Furthermore, CRISPR technology has the potential to reform the sustainable agriculture field. By editing the genomes of crops, scientists can explore ways to make them more resilient to drought, extreme temperatures, and high salt concentrations. These stressors pose significant challenges to agricultural production, particularly in regions affected by climate change.
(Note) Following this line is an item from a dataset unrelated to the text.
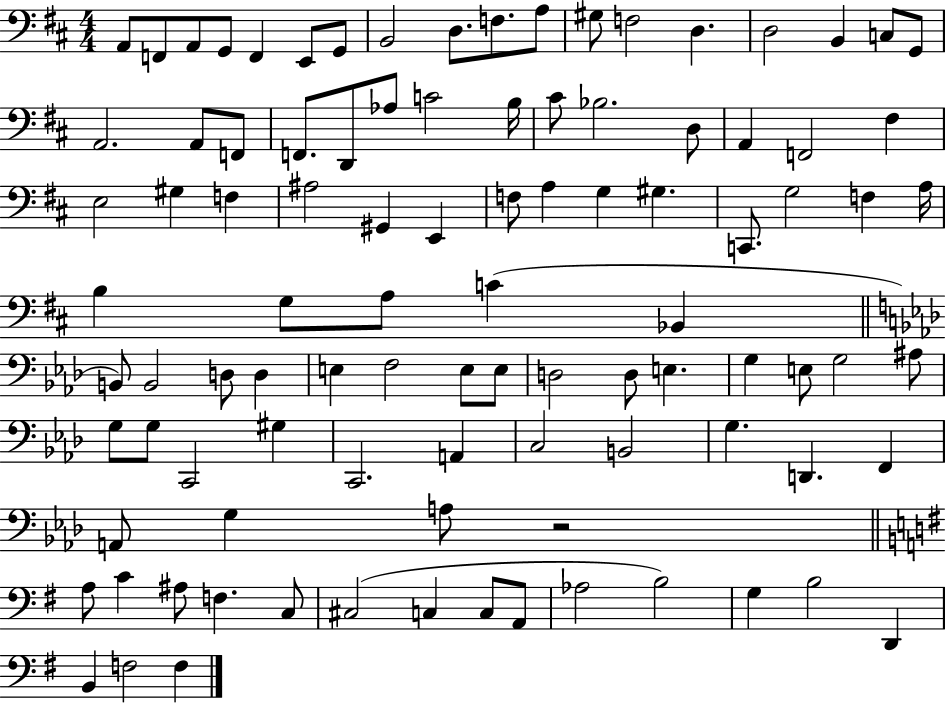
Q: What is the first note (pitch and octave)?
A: A2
By giving crops genetic modifications that enhance their tolerance to these conditions, researchers hope to ensure food security and mitigate the effects of climate change on global food production.

The potential of CRISPR in animal research holds great promise as scientists have employed CRISPR-Cas9 to edit the genomes of various animal species, allowing for a better understanding of genetic diseases and potential cures or treatments. By precisely manipulating specific genes, researchers have been able to model diseases in animals, supporting the development of certain therapies and testing their efficacy.

Due to CRISPR-Cas9, humanity has made major improvements in overall human health. Gene editing holds immense potential when it comes to treating a wide variety of genetic disorders, such as sickle cell disease, cystic fibrosis, and Turner syndrome. This technology can transform the trajectory of medicine by offering personalized treatments catered to a person’s specific genetic makeup.

Using CRISPR-Cas9 in healthcare will provide a better understanding of a multitude of functions occurring in our body and will provide cures to diseases previously stumping humans. 

Even so, using CRISPR-Cas9 while studying animals has uncovered many genetic diseases and their potential treatments or cures. These scientists have created animal models that have mirrored human genetic conditions in a similar manner. By inserting mutations that cause genetic diseases into animals, such as rats, mice, and zebrafish, scientists have been better able to understand the inner workings of these diseases. 

On top of studying genetic diseases, CRISPR technology has created advancements in agriculture, in a different way this time – through animal gene editing. Scientists have successfully modified the genomes of farm animals to improve traits such as disease resistance, meat quality, and productivity. For example, researchers have used CRISPR-Cas9 to create pigs that are resistant to specific infections, reducing the need for antibiotics and improving animal health in the agricultural industry.

The ability to manipulate animal genomes using CRISPR has not only grown our knowledge of genetic diseases but has also shown that we can create innovative solutions in fields such as medicine that can regenerate and the transplantation of bodily organs. By editing the genes of animals, scientists have the ability to explore the growth of human organs in animals for transplantation, providing a viable solution to the organ donor shortage and improving the success rates of transplant procedures.

While CRISPR-Cas9 presents extraordinary opportunities, ethical concerns surrounding its use remain a topic of intense debate. The precision and power of gene editing raise questions about the potential misuse or unintended consequences of altering the human genome. Scientists and policymakers are grappling with the ethical implications of CRISPR technology and working towards establishing guidelines and regulations to ensure its responsible and ethical use.

As CRISPR continues to evolve and its applications expand, it holds the promise of revolutionizing numerous fields, from agriculture to medicine. The journey from its accidental discovery in 1987 to the current cutting-edge research conducted by scientists in the present exemplifies the remarkable progress made in understanding and adopting the power of CRISPR-Cas9. 

With ongoing advancements and a growing understanding of its potential, CRISPR will shape the future of STEM and transform the way we approach genetic research, healthcare, and overall application to humanity.

As CRISPR continues to evolve and its applications expand, it holds the promise of revolutionizing numerous fields, from agriculture to medicine.